Ameliyattan sonra, birincil hiperparatiroidizm belirtileri yavaş yavaş kaybolur. Müdahale sonrası iyileşme döneminde doktorun tavsiyelerine dikkatle uyulmalıdır. Tümörün çıkarılmasından veya paratiroidektomiden sonraki 1.5-2 ay içinde ağır fiziksel efordan ve spor aktivitelerinden kaçınılmalıdır. Ameliyat olan hastalarda, vakaların %5-7'sinde hastalığın tekrarlaması görülür.
Hasta izleme
Hastalığın hafif formlarında ve ameliyat endikasyonu yoksa dinamik izleme önerilir.

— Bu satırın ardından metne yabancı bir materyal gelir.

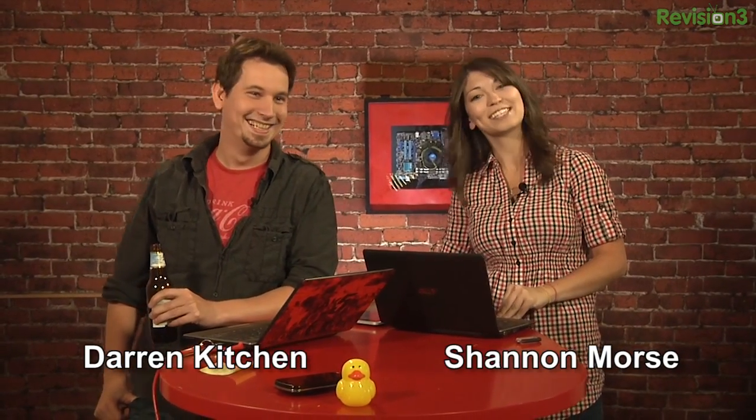Howdy partner and welcome to Hack 5, your weekly dose of Technolust. I'm your rootin' tootin' host, Darren Kitchen. Hey y'all, I'm Shannon Morris and we have plenty of cool stuff coming up for you this episode.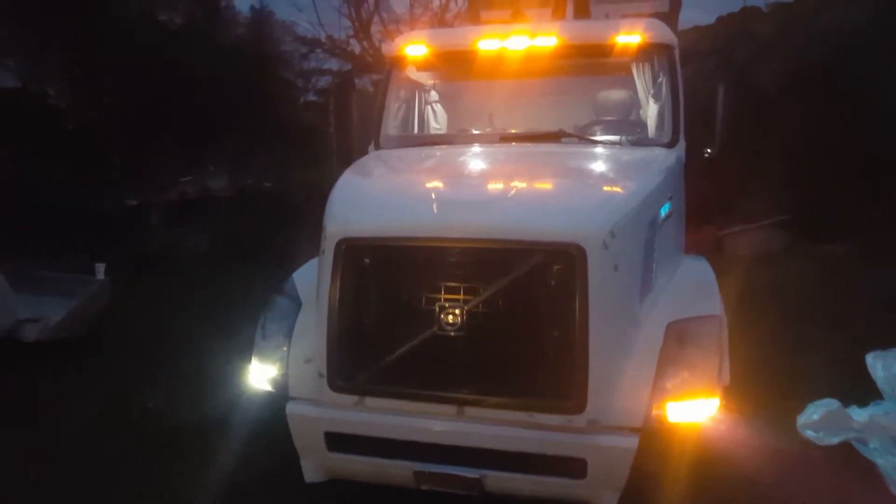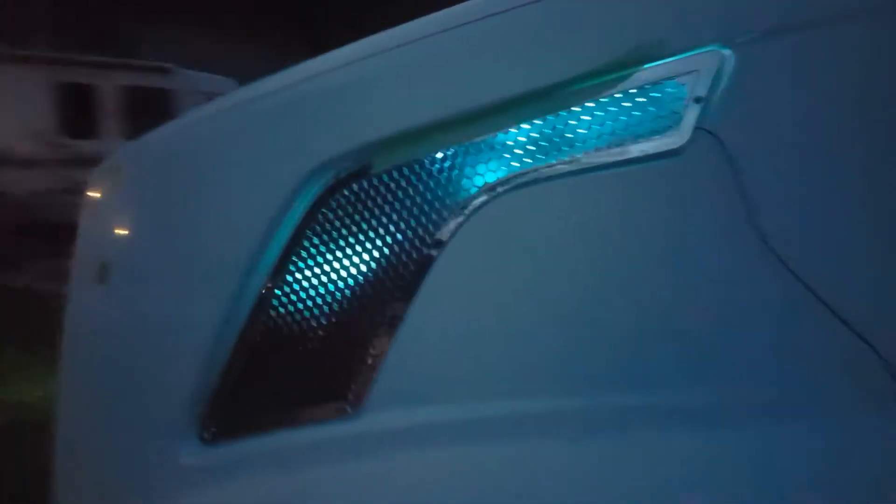It's pretty dark out but here's a quick shot of the Volvo with the LEDs. I think I got one of these before with that.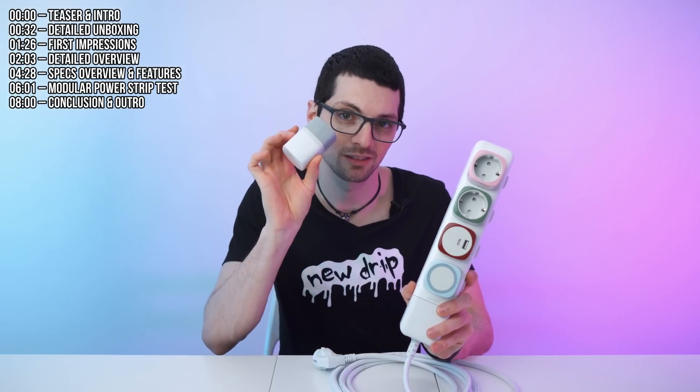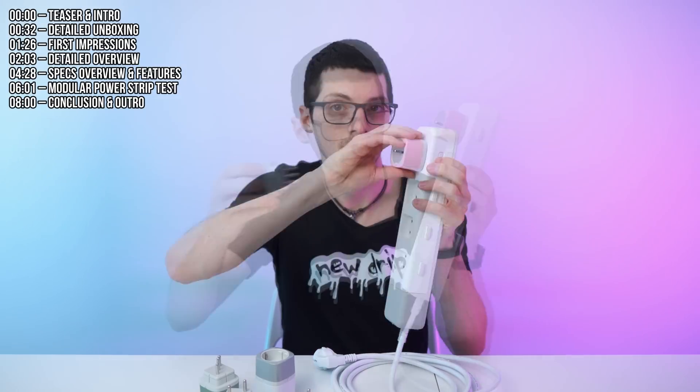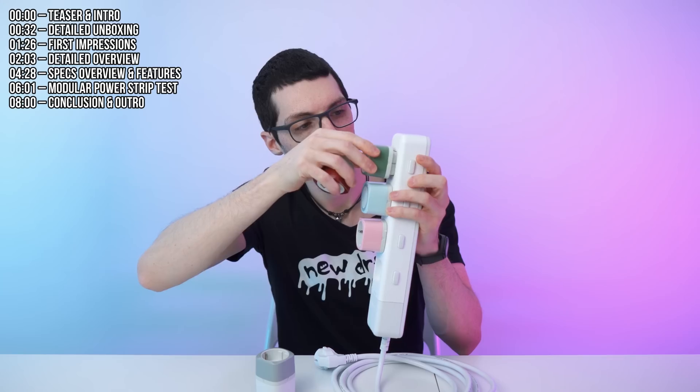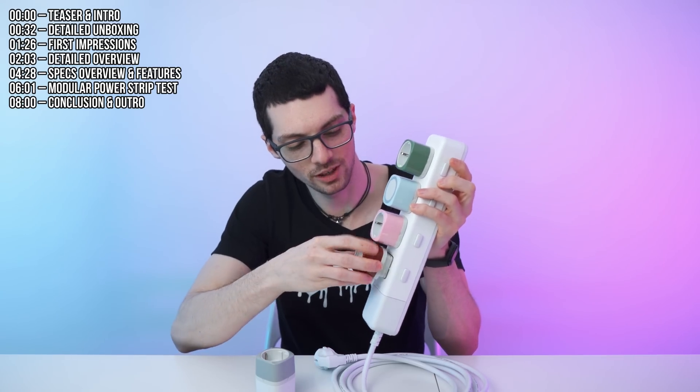This is a modular power strip called Q-Block, a brand new invention coming soon to Kickstarter that allows you to customize your very own power strip. We have the base and then the blocks that you can order and rotate as you like to build a power station that perfectly fits your needs.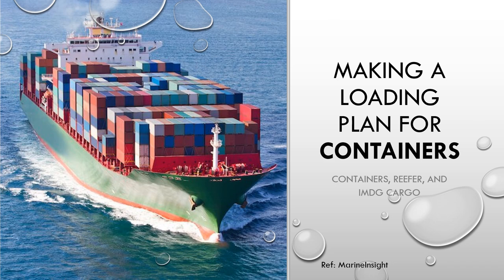Today I plan to talk about making a loading plan for containers. This video pertains to container ships only, but we'll talk about the considerations that are kept in mind for loading normal containers, reefer containers, or containers carrying dangerous goods. This video will be very useful for those going for any kind of orals or written examination, especially if you have never sailed on container ships.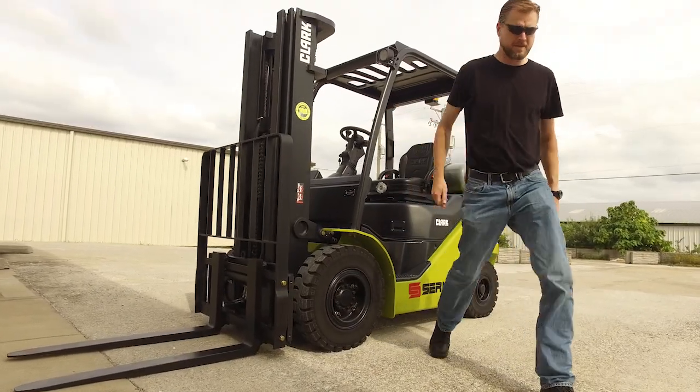The new S-Series lift truck from Clark — smart, strong, safe.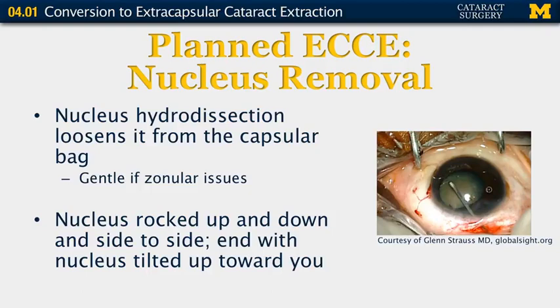Next we proceed with nucleus removal. We perform hydrodissection just as you would with phacoemulsification, which loosens the nucleus from the capsular bag. If there are any zonular concerns, especially with a very dense cataract, be somewhat gentle with this portion. The nucleus is then rocked up and down — take your cystotome, embed it into the nucleus, and rock it up and down to ensure it's loose and beginning to prolapse from the bag. Then rock it from side to side and push down so the nucleus is tilted up towards you at the wound.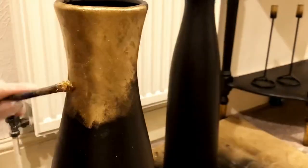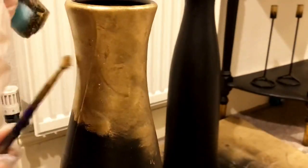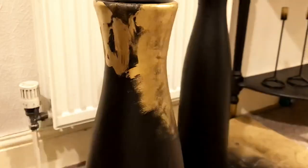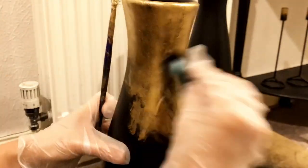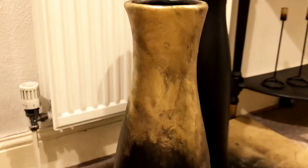I want to create a simple yet elegant look on these vases. I have the design already in my mind and I want to be as creative as I can. Since I love the black and gold combination, I'm pretty sure it will be amazing.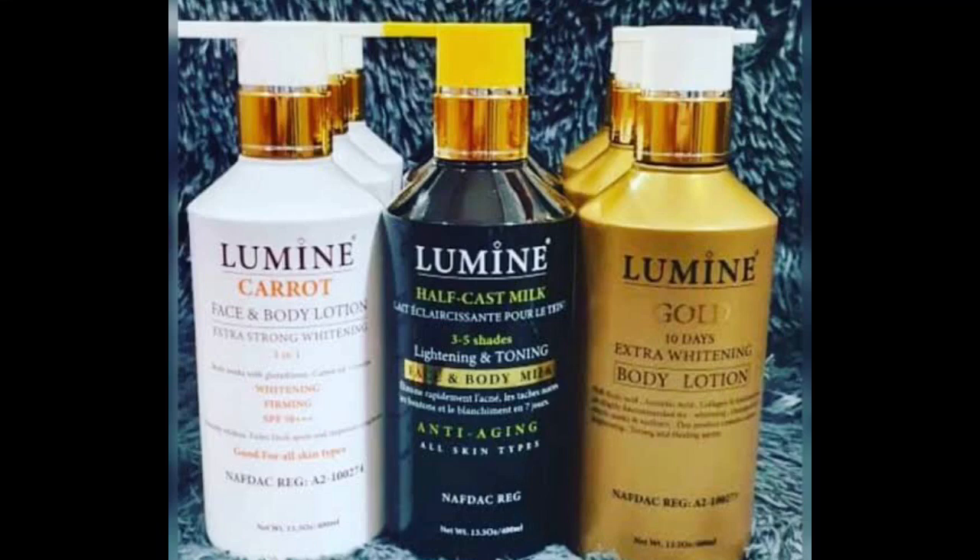It comes with a serum if you want to try that, and it also comes with a face toner — just check around. I know a lot of people will ask where to get this. If you're in Lagos and want to get it from me, that's fine. But if you can find it in your area, ensure to invest in the original to avoid reactions on your skin. Check any good skincare store.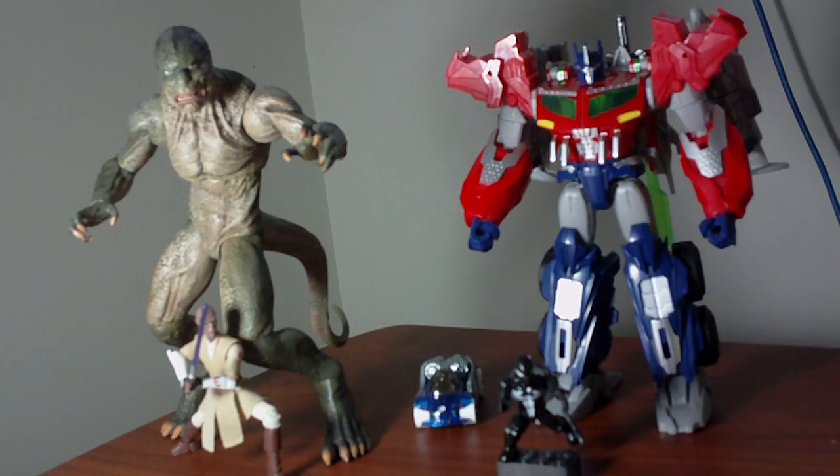I've noticed reductions in manufacturing costs largely in two areas. The first is the degree of paint application on toys — whether you're talking about the amount, the detail, or even the quality control. The second big visual cue I've seen is a reduction in the amount of articulation. For example, aside from maybe something like Marvel Universe, many of the three-and-three-quarter inch up to five-to-six inch action figures have seen a reversion to the classic five points of articulation.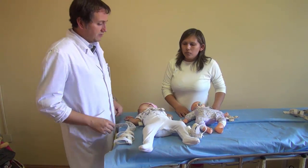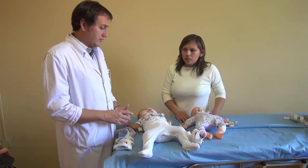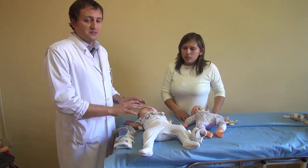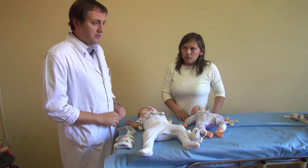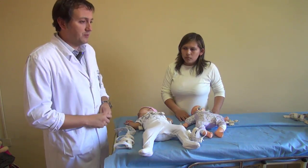Now we spoke with the mother about the pavlik harness and now we're going to put it on the baby. Since the real baby is sleeping right now, we're going to do the first part, the upper part, in the baby model.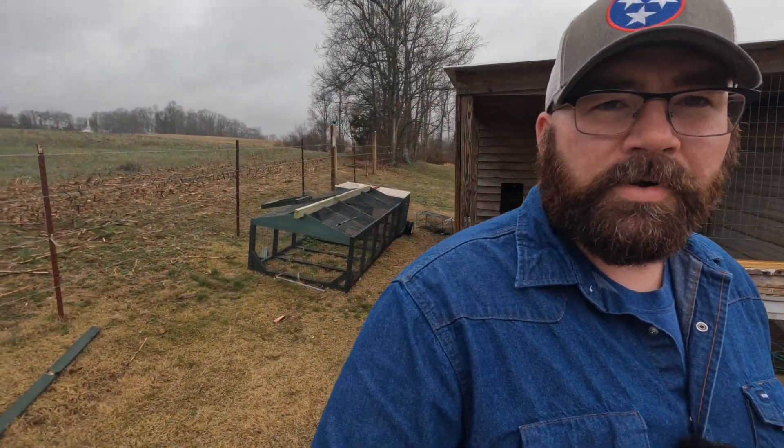Hey guys, this is Tad, your homestead provider. Got a lot going on. Today is March the 1st. It is just a drizzly old 1st of March day.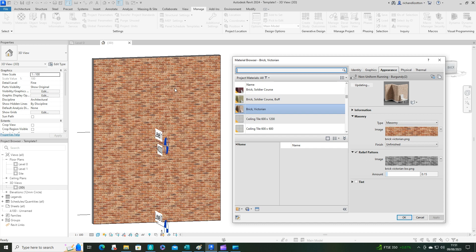So that's our first video on creating a new material, where we've created this Victorian brickwork. We'll be doing more complicated editing in future videos, so make sure you're subscribed and ready to receive notifications. Thank you for watching — I hope you've enjoyed the video.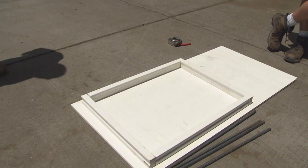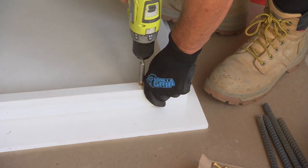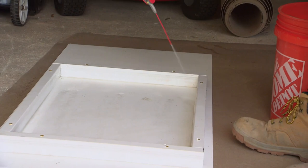A sheet of melamine is a perfect material for the form base because of its smoothness. For the edges, strips of vinyl molding are screwed to the melamine before the seams are caulked to seal each joint. Next, the whole form is sprayed with lubricant to help the concrete release from it later.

Primer hiperparatiroidizm teşhisi konan tüm kişiler tıbbi kayıtlara tabidir. Hasta kayıtları endokrinolojik dispanserde tutulur. Hastaların düzenli olarak bir doktora gitmeleri ve aşağıdaki muayenelerden geçmeleri gerekir:
- kalsiyum ve fosfor için kan ve idrar testleri;
- kan basıncını ölçmek;
- Böbrek ultrasonu;
- kan seviyesi testiparatiroid hormonu;
- MRI veya paratiroid bezlerinin ultrasonu.
Doktorlar hastalara özel bir diyet reçete eder. Kalsiyum açısından zengin besinler, özellikle süt ve süt ürünleri diyetten çıkarılır. Hasta günde en az 2 litre sıvı içmelidir. Bu, kandaki kalsiyum konsantrasyonunun azalmasına ve dehidrasyonun önlenmesine yardımcı olacaktır.
Diyet, birincil hiperparatiroidizm tedavisinin önemli bir parçasıdır. Doktorun beslenme kurallarına ilişkin tavsiyelerine kesinlikle uyulmalıdır. Kalsiyum oranı yüksek yiyecekler yemek hiperkalsemik krizi tetikleyebilir.
Hastalar, diüretikler ve kardiyak glikozitler almakta kategorik olarak kontrendikedir. Bu ilaçlar durumu daha da kötüleştirebilir. Bir kadında menopoz geçmişine karşı hiperparatiroidizm meydana gelirse, bir jinekolog ile görüştükten sonra östrojen replasman tedavisi verilebilir.
Tahmin
Primer hiperparatiroidizmin zamanında tedavisi ile hastalığın prognozu olumludur. Paratiroid bezlerine yapılan ameliyattan sonra hastanın sağlığı yavaş yavaş normale döner. Gastrointestinal sistemin damarlarından, sinir sisteminden ve organlarından gelen patolojik belirtiler, tümörün çıkarılmasından veya paratiroidektomiden 1 ay sonra kaybolur. Ameliyattan 1-2 yıl sonra kemik yapısı tamamen eski haline döner.
Prognoz böbrek hasarı ile önemli ölçüde kötüleşir. Bu tür değişiklikler geri döndürülemez. Ameliyattan sonra böbrek yetmezliği belirtileri devam ediyor.
Yapabilirhiperparatiroidizmin birçok organ ve sistemin fonksiyonlarını bozan ciddi ve tehlikeli bir hastalık olduğu sonucuna varılmıştır. Patolojinin ilk belirtilerini kaçırmamak ve tedaviye zamanında başlamak çok önemlidir.